• **ACTION ITEM**: Print nothing except the lines of the listing below from the line with "iPhone case - X" to the line with "Galanz Chest freezer 5.0 Cubic Feet", each exactly as written, both ends included.

• **DATA IN THIS EXERCISE**:
*** Begin section ***

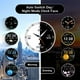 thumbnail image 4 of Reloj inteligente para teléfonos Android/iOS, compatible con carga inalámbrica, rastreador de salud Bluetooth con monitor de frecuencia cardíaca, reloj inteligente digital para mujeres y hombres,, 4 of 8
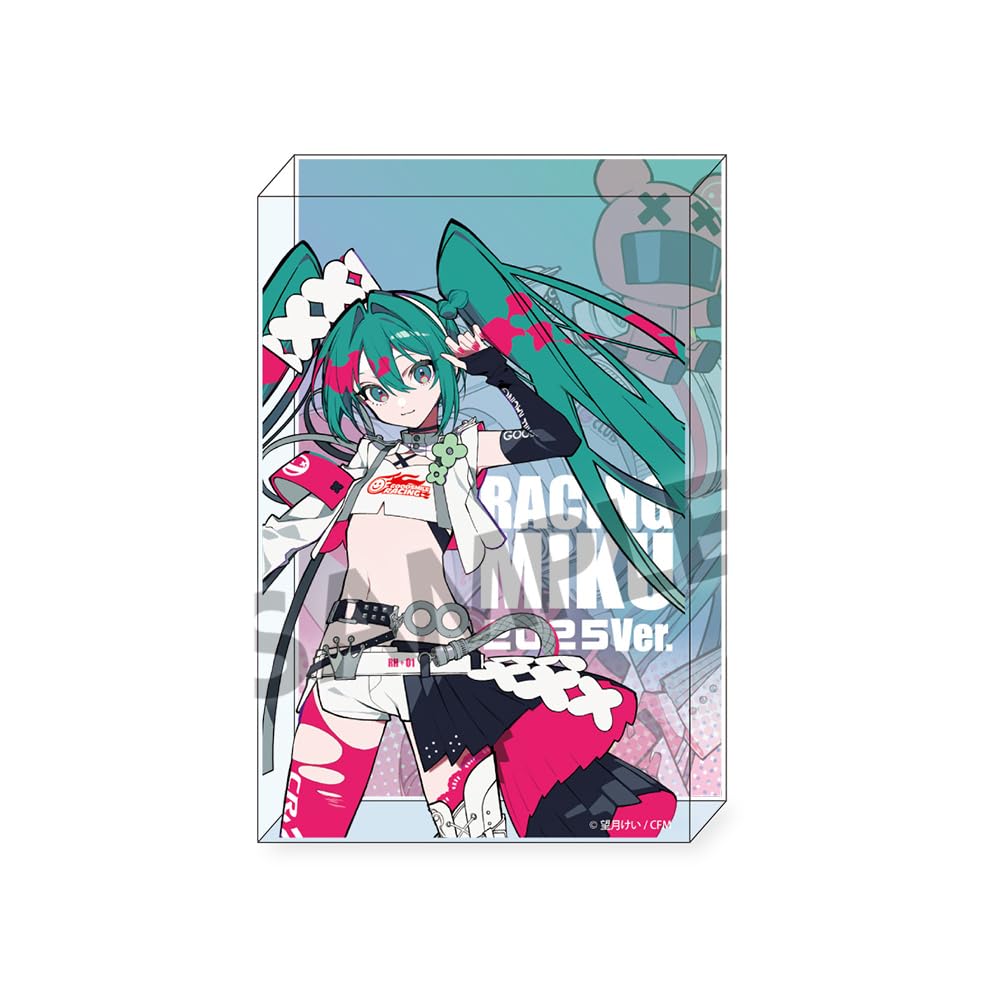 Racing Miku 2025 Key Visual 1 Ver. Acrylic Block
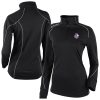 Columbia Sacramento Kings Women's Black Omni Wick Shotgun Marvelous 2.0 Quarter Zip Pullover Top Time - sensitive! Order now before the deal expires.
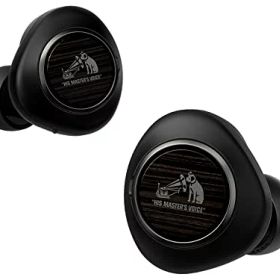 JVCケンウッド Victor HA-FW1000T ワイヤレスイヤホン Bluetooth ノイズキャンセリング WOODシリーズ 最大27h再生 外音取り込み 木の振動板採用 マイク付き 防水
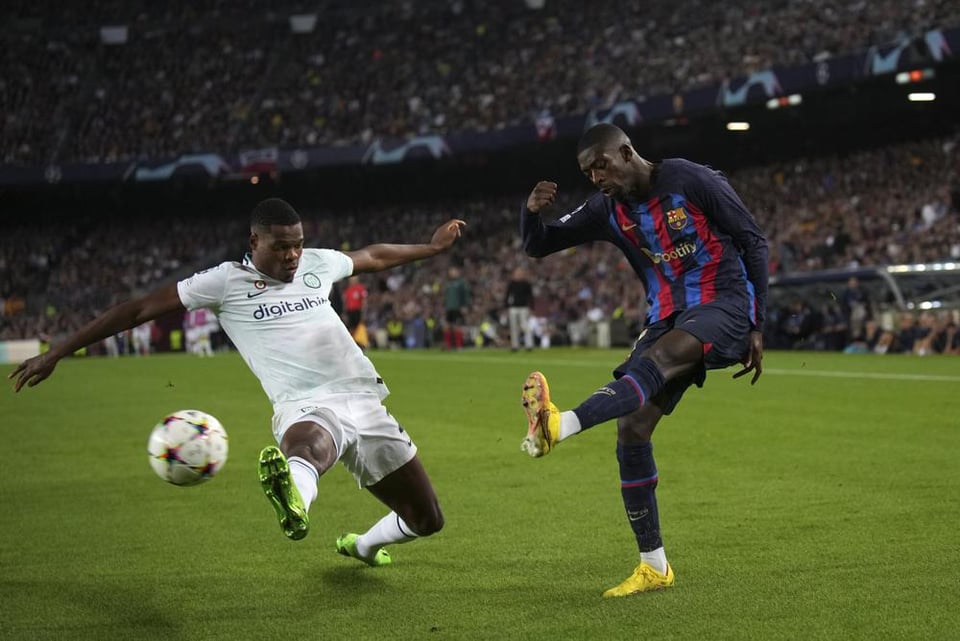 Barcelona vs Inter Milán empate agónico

*** End section ***
*** Begin section ***

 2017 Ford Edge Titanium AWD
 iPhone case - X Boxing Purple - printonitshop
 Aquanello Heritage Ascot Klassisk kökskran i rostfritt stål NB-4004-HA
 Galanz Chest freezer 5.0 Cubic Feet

*** End section ***

• **OUTPUT OF THE EXERCISE**:
 iPhone case - X Boxing Purple - printonitshop
 Aquanello Heritage Ascot Klassisk kökskran i rostfritt stål NB-4004-HA
 Galanz Chest freezer 5.0 Cubic Feet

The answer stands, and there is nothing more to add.